§ **What you will do**
Your job is to give again, exactly and with no additions, the lines in the records below from the one with "at flight board" through the one with "壁ハンガー 折りたたみ 10 フック コート ハンガー 木製 伸縮 思いの幅に 伸び縮み", both included. Omit the pictures.

§ **Provided data**
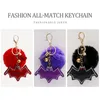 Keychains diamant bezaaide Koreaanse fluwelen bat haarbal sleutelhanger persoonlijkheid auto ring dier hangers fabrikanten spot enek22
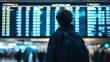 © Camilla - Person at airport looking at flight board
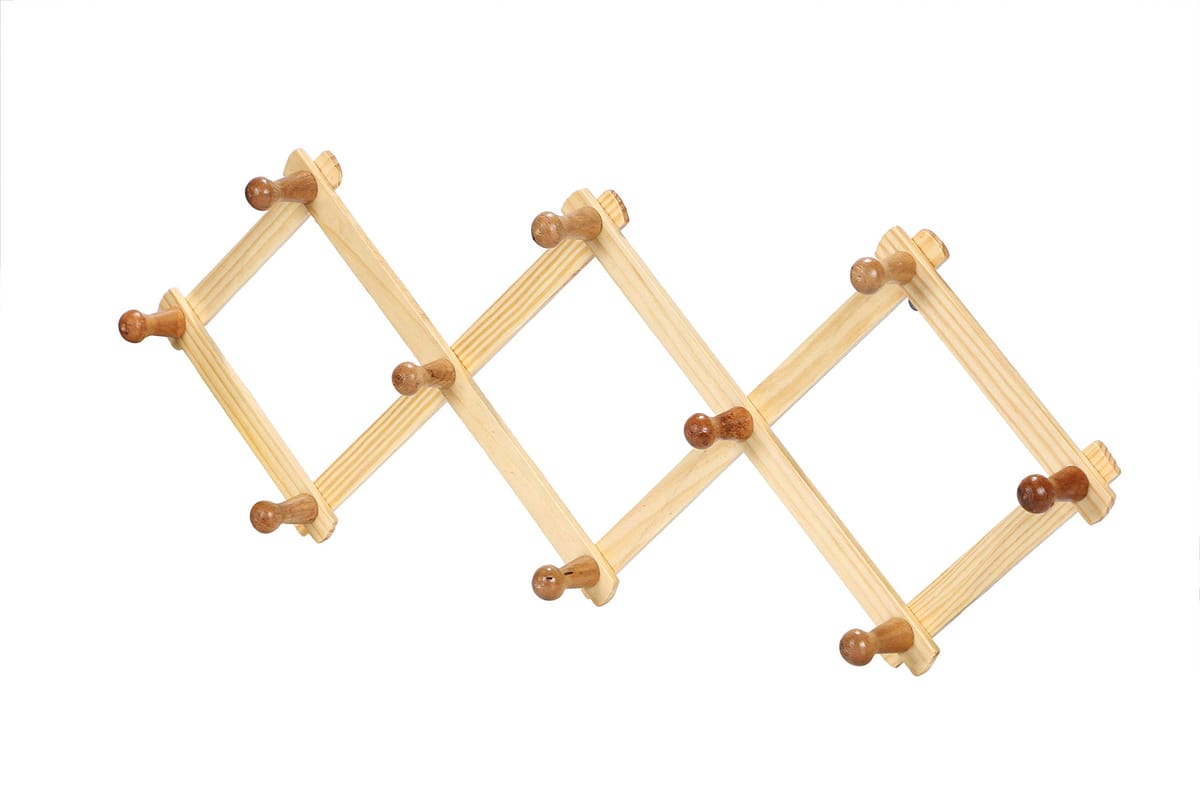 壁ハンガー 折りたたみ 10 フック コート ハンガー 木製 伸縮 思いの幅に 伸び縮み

==

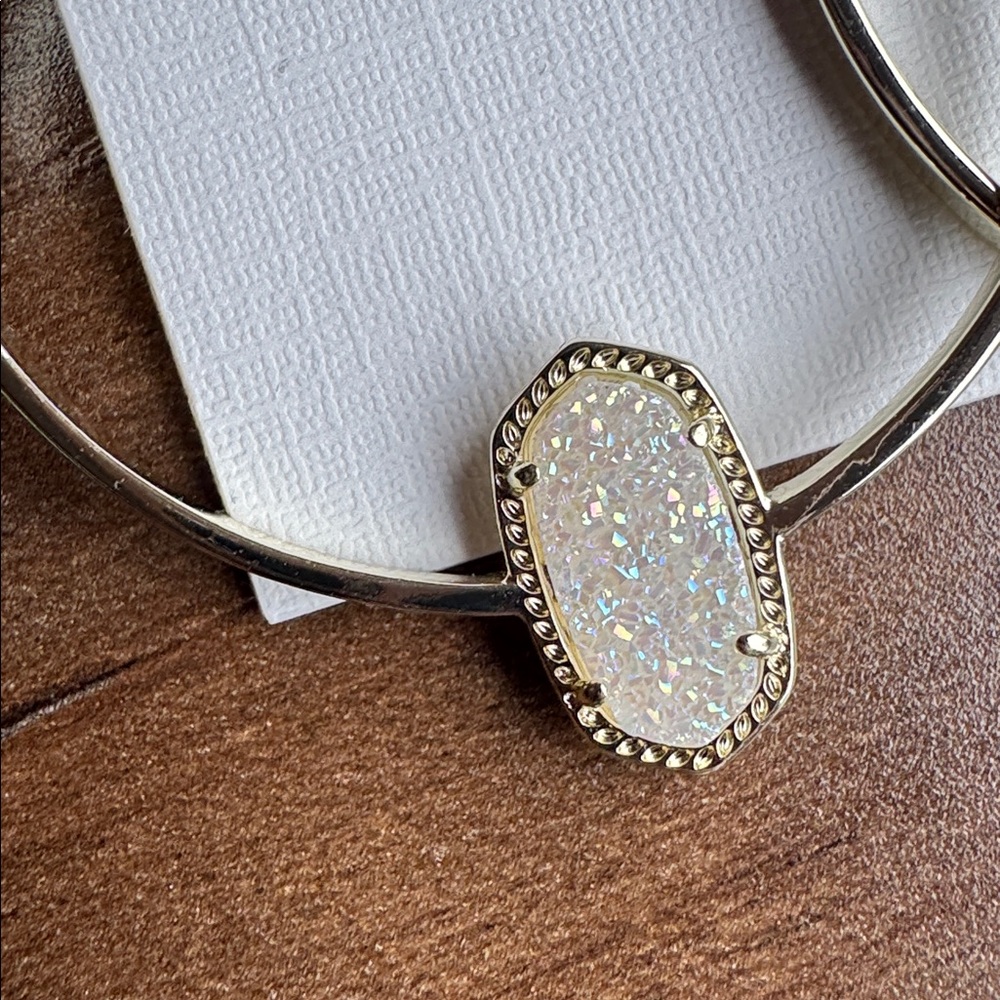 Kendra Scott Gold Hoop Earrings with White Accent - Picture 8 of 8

...

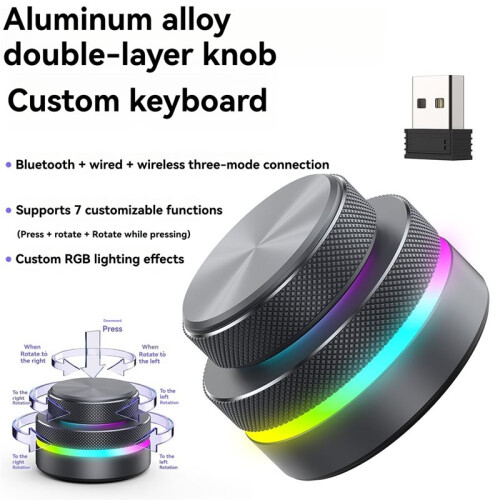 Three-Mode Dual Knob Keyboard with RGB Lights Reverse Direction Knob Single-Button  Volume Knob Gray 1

§ **Written response**
 © Camilla - Person at airport looking at flight board
 壁ハンガー 折りたたみ 10 フック コート ハンガー 木製 伸縮 思いの幅に 伸び縮み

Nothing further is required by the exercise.